Awesome

GutenSearch

A search engine for Project Gutenberg books built with PostgreSQL and Dash. Find it running on GutenSearch.com.

Summary

Source data

Project Gutenberg offers mirroring via rsync. However, in June 2016, Allison Parrish released a corpus of all text files and metadata up to that point in time, which was used here instead of the raw data.

Process

set up the instance, firewall, etc.
create a new Postgres database
stream the JSON metadata into a table
stream the raw text data
transform the data
start the app

Installation

Choosing your hardware

The below worked for a dedicated server with an Intel Atom 2.40GHz CPU, 16GB RAM and 250GB SSD. The queries are mostly CPU-bound, particularly for common phrases. The deployed app uses 128GB of its 217GB partition.

Setting up the instance

I've only tested this on a clean install of Ubuntu 20.04.1 LTS.
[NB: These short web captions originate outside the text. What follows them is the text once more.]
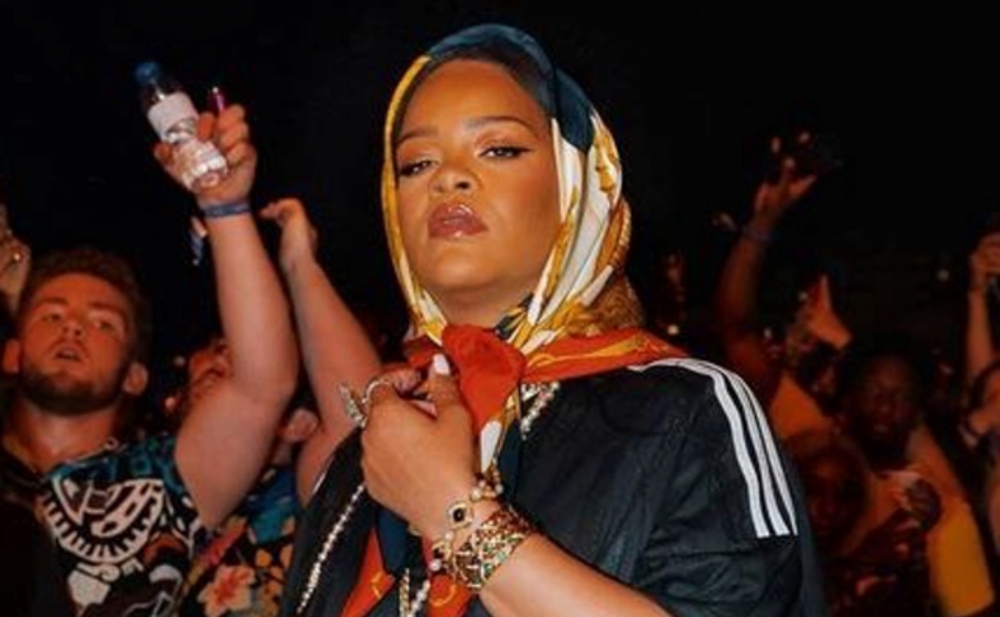 Rihannanın müzakirələrə səbəb olan obrazı - Fotolar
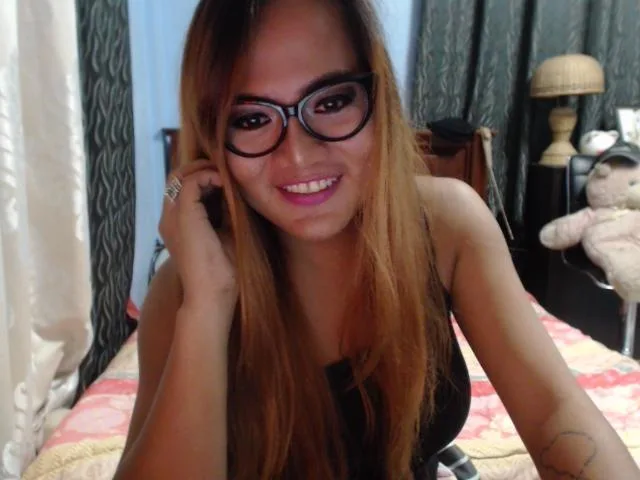 Camgirl TsDollGoneWild en live webcam amateur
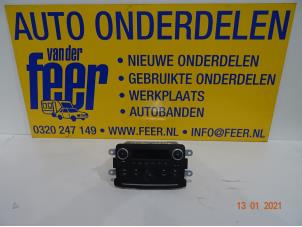 Gebrauchte Radio Dacia Sandero II 1.0 Sce 75 12V Preis € 125,00 Margenregelung angeboten von Autobedrijf van der Feer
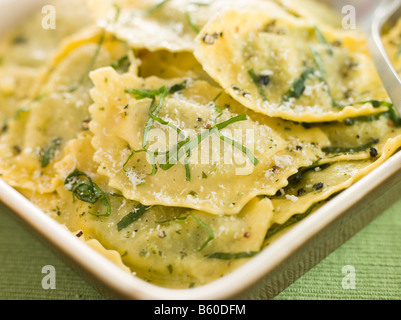 Plat de raviolis ricotta et épinards au beurre et à la Sauge Banque D'Images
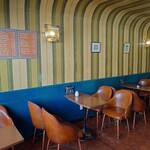 オンリー - 椅子も洒落てる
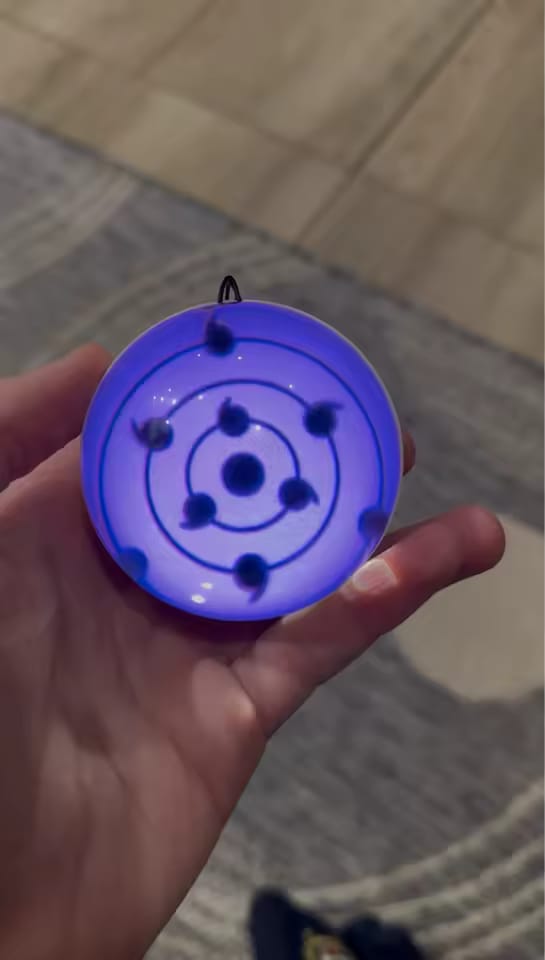 Customer photo review of 3D Video Crystal Ball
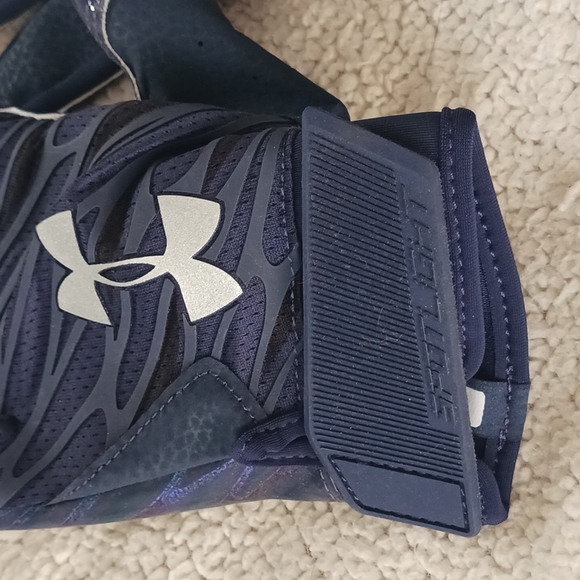 Under Armour youth football gloves - Picture 3 of 4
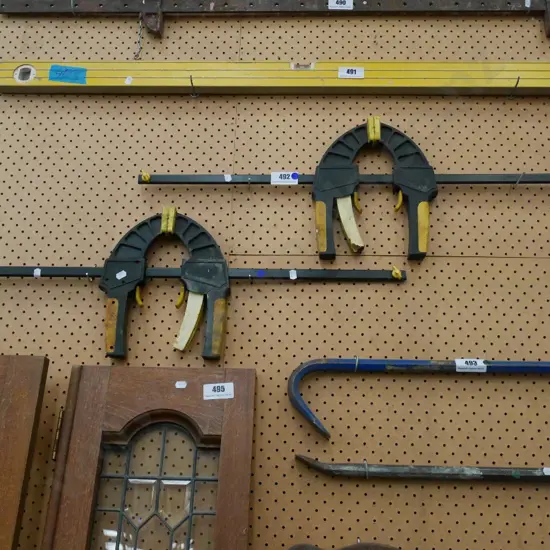 pair of quick release sash clamp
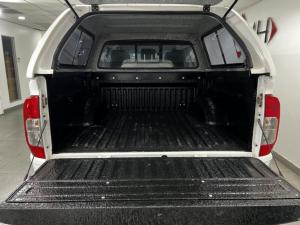 Nissan Navara 2.5DDTi double cab SE auto - Image 5
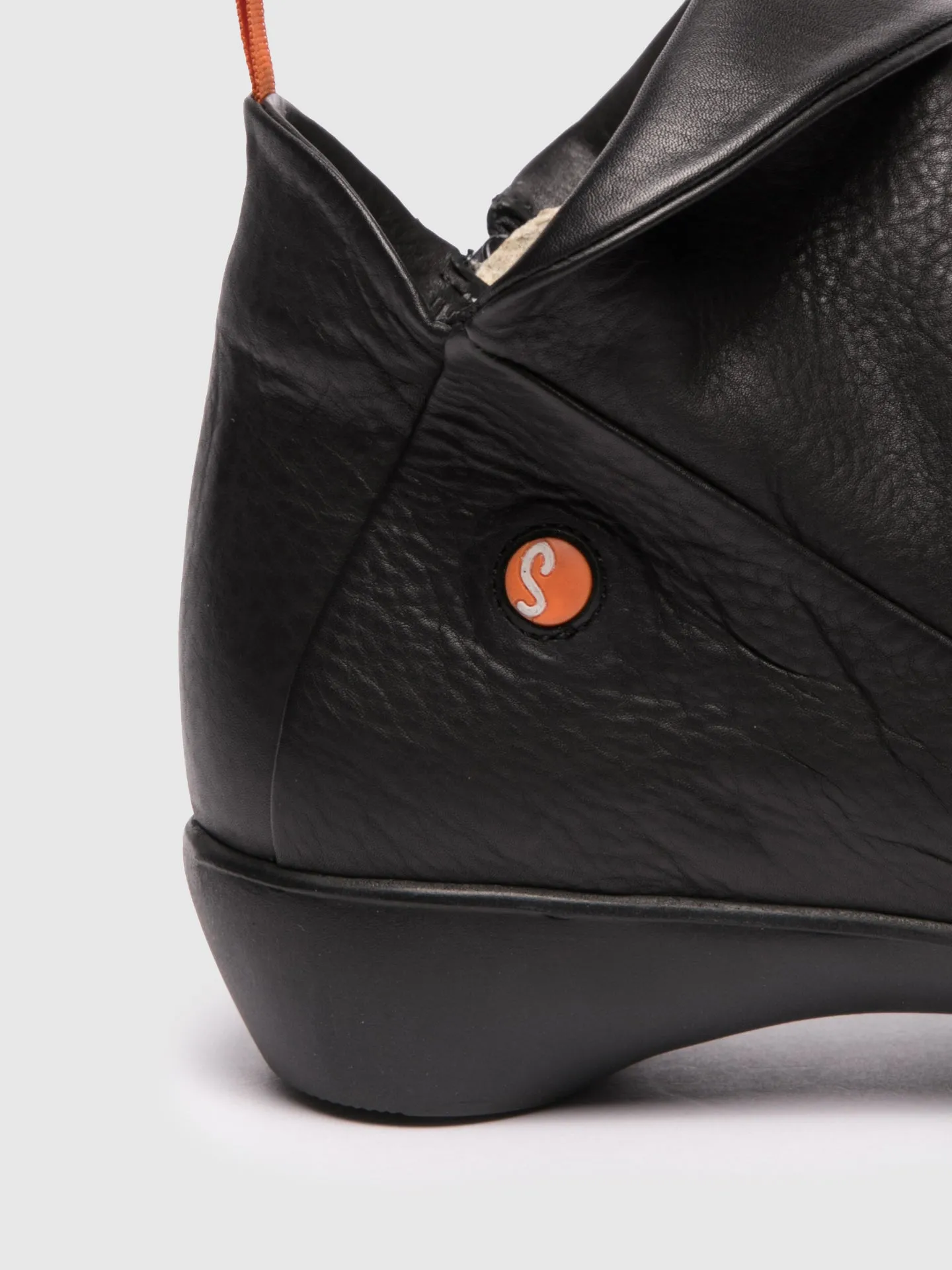 Zip Up Ankle Boots FARAH BLACK
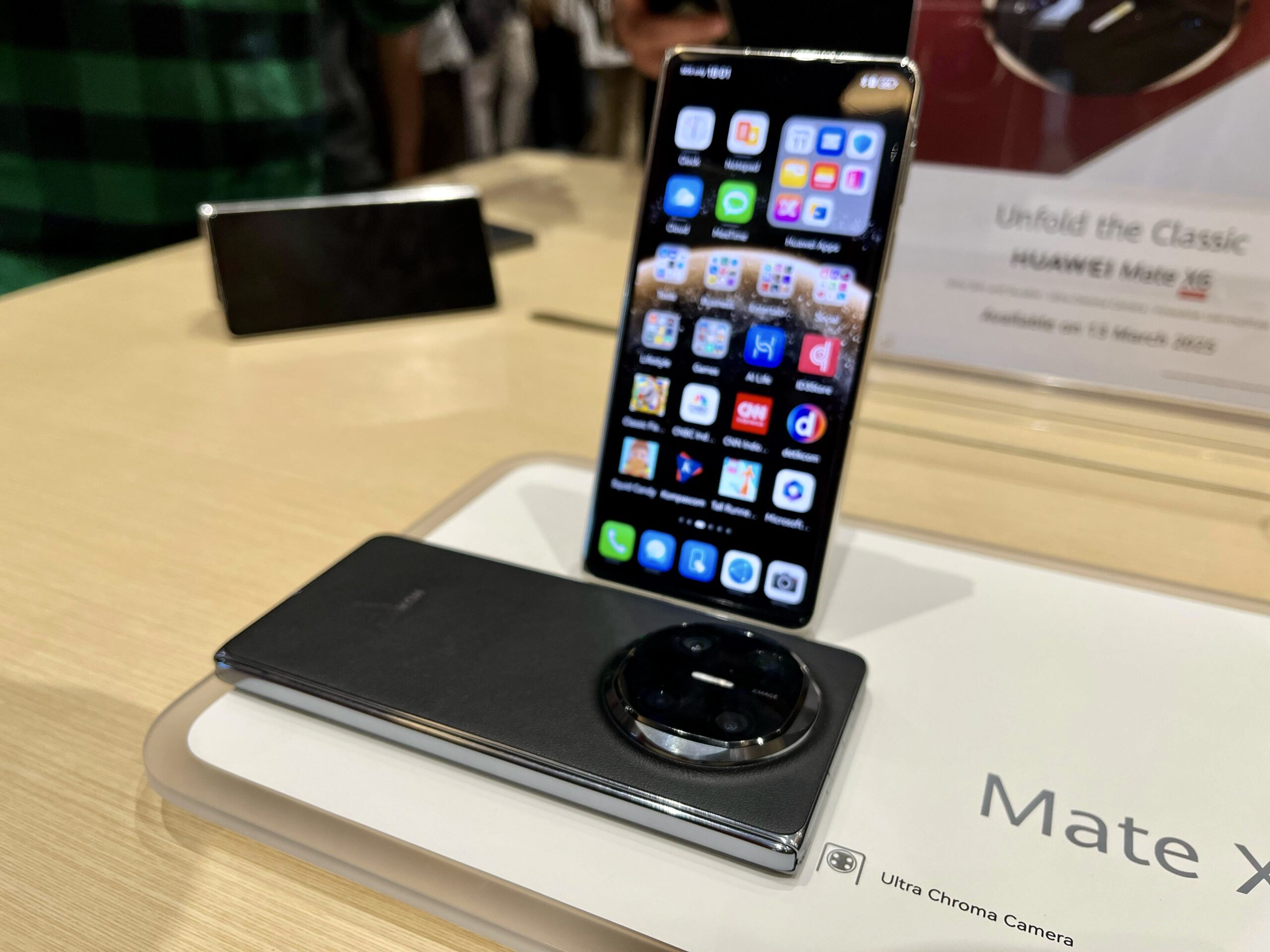 Huawei Mate X6 meluncur di Indonesia - apakabar.co.id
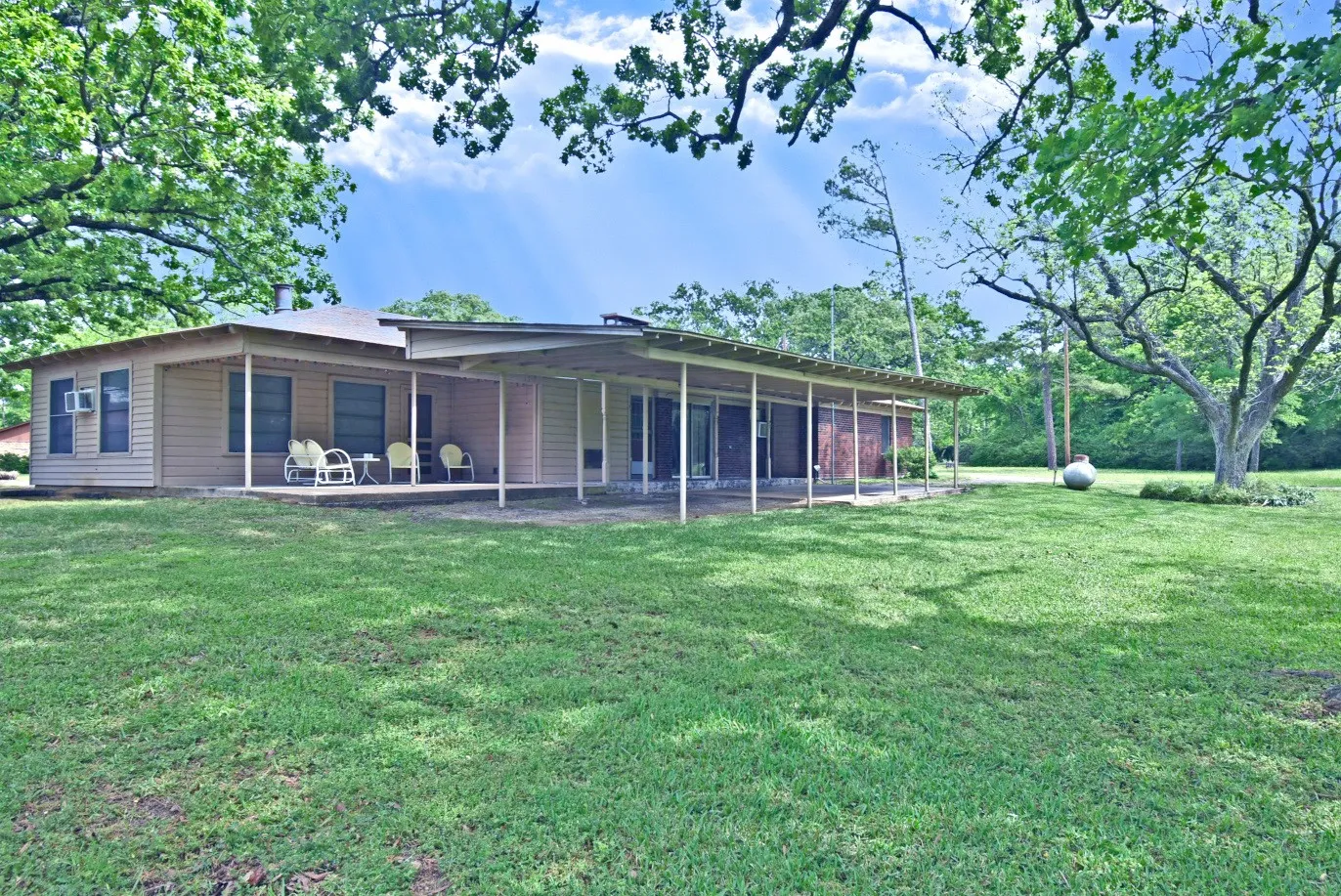 Single Family Residence For Sale in Wood County , 599 County Road 1260, Quitman, Texas 75783, 2 Bedroom, 2 Bathroom, Garage spaces, 0 Sqft, built in 0, Preowned, mls#21234428, Real Estate Agent in Quitman, Homes For Sale in Wood county, Homes For Sale in Quitman, Realtor in Quitman Texas, Real Estate Brokerage Independent Realty Texas, Luminita Cordes Realtor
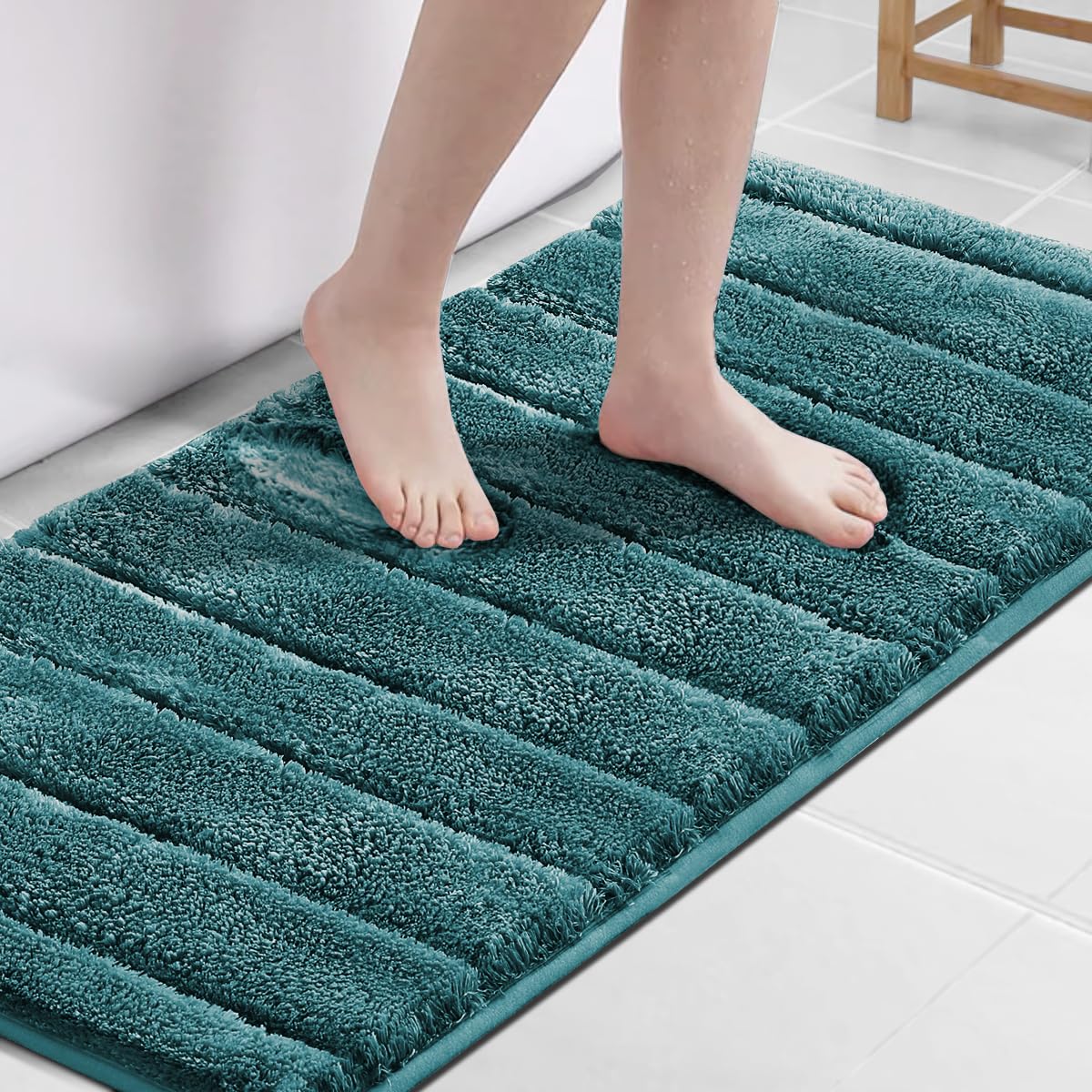 PrimeBeau Bathroom Rugs Thick Velvet Bath Mat - Super Soft, Absorbent, Non-Slip, Washable, 1 Piece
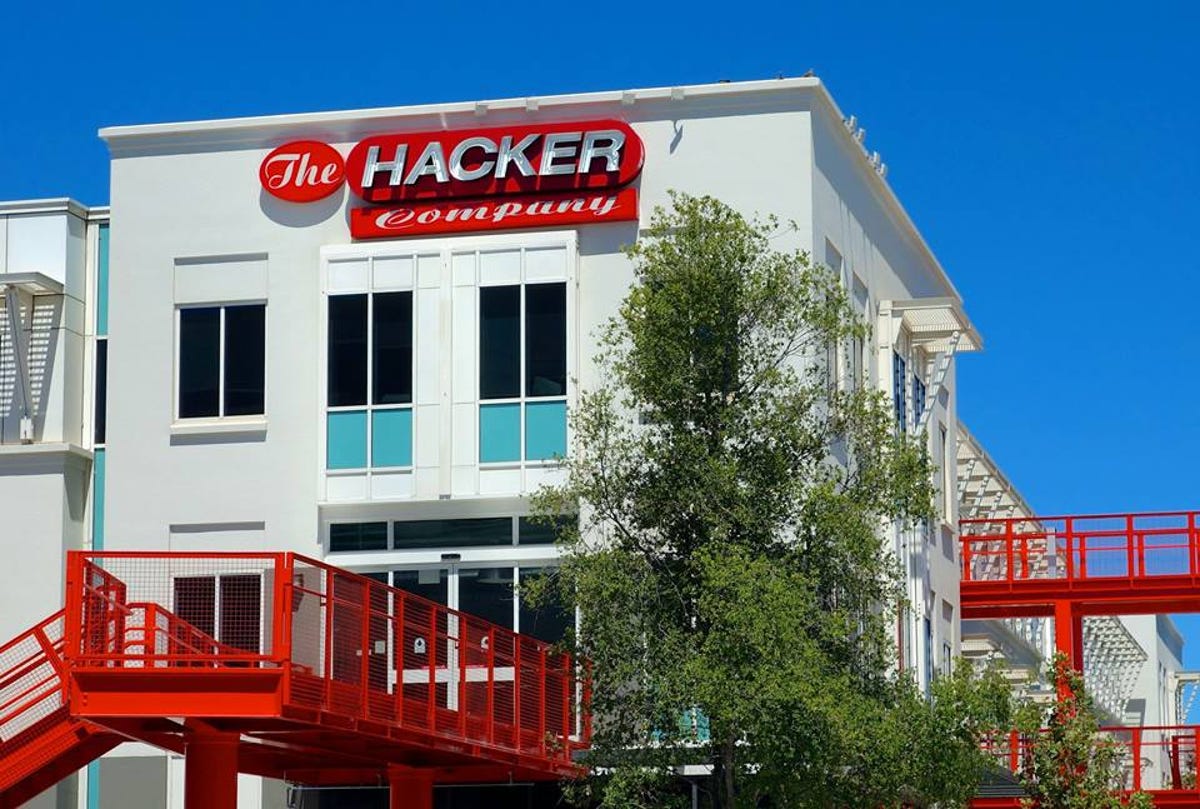 facebook hacker sign campus hq
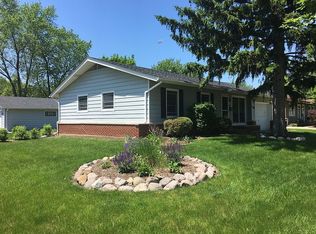 848 Crest Ave, Elk Grove Village, IL 60007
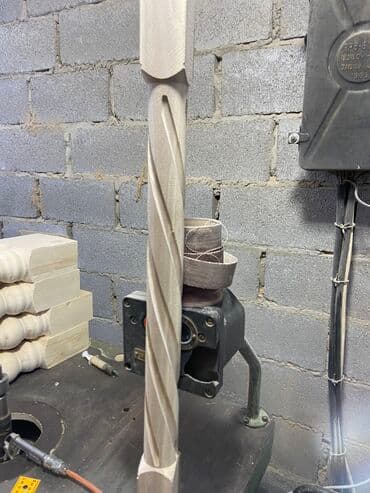 тиски тисы: Балясины на токарном станке
Карагач, орех сосна — 5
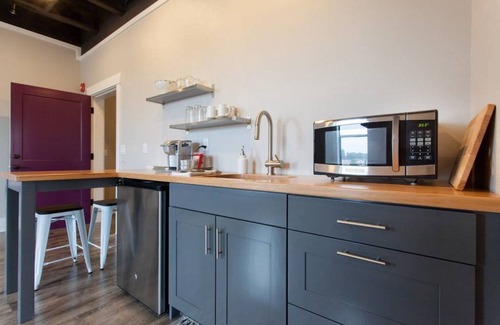 Dundee Apartment | Luxury Fireplace Suite in a Modern Loft in Wine Country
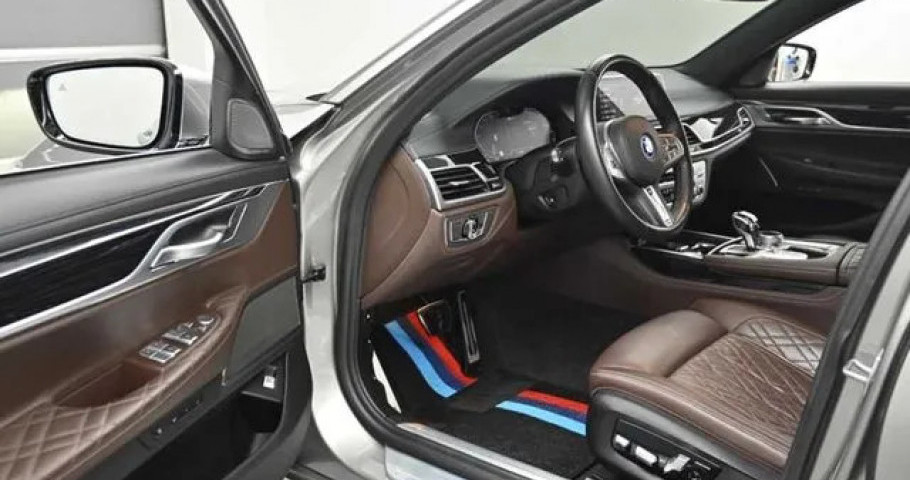 Bmw 7-Series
You'll need the following to get started:

sudo apt update
sudo apt install screen
sudo apt install unzip
sudo apt install vim # not strictly necessary
sudo apt install postgresql postgresql-contrib

Setting up Postgres

You can use this guide. You may want to increase resources as follows:

vim /etc/postgresql/12/main/postgresql.conf

Changing the following (here shown for a server with 16GB RAM):

shared_buffers = 8GB # (25% of server RAM)
work_mem = 40MB # (RAM * 0.25 / 100)
maintenance_work_mem = 800MB # (RAM * 0.05)
effective_cache_size = 8GB # (RAM * 0.5)

Setting up Python

As usual the app relies on an alphabet soup of libraries:

sudo apt install software-properties-common
sudo add-apt-repository ppa:deadsnakes/ppa
sudo apt install python3.8
sudo apt-get install python3-venv
sudo apt install python3-pip
sudo apt install libpq-dev

Getting the data

Create project folder

mkdir gutensearch

Download raw data

You will want this one in a screen as it might take a while - a few minutes in a decent data centre at 30MB/s, or a night and morning from a home connection.

screen -S download_data
wget -c http://static.decontextualize.com/gutenberg-dammit-files-v002.zip
mv gutenberg-dammit-files-v002.zip gutensearch/gutenberg-dammit-files-v002.zip
cd gutensearch
unzip gutenberg-dammit-files-v002.zip -d gutenberg-dammit-files-v002
exit

Insert the metadata

I recommend doing this one by hand line by line, instead of passing the file to psql. Open a screen, then line-by-line server-process-part1.sql.

screen -S process_data
sudo -u postgres psql # run through server-process-part1.sql
exit

SQL part 1 streams the metadata JSON into a table.

Insert the text

This part streams the text files into an SQL file that can be run later. It may take a while so best have it in a screen.

screen -S app_venv
cd ~
python3 -m venv .venvs/dash
pip3 install --upgrade pip
python3 -m pip install psycopg2
python3 server-import.py # Change the path to yours first!
exit

Transform the data

This part will take the longest as 6GB zipped is expanded into more than 60GB of tables and indices. \timing for each part is included as comments in the code; on the instance mentioned earlier, you're looking at the better part of a day.

screen -r process_data
sudo -u postgres psql # now run through server-process-2.sql
exit

Setting up the app

Libraries

You'll need the following:

pip install --upgrade pip
python3 -m pip install dash
python3 -m pip install dash_auth
python3 -m pip install pandas
python3 -m pip install sqlalchemy
python3 -m pip install networkx
python3 -m pip install gunicorn

Set up HTTPS

Follow instructions here.

Don't forget to backup the certs:

scp -r user@host:/etc/letsencrypt /path/to/backup/location

Set up firewall and reverse proxy

Find the relevant instructions for your provider. Mine are here.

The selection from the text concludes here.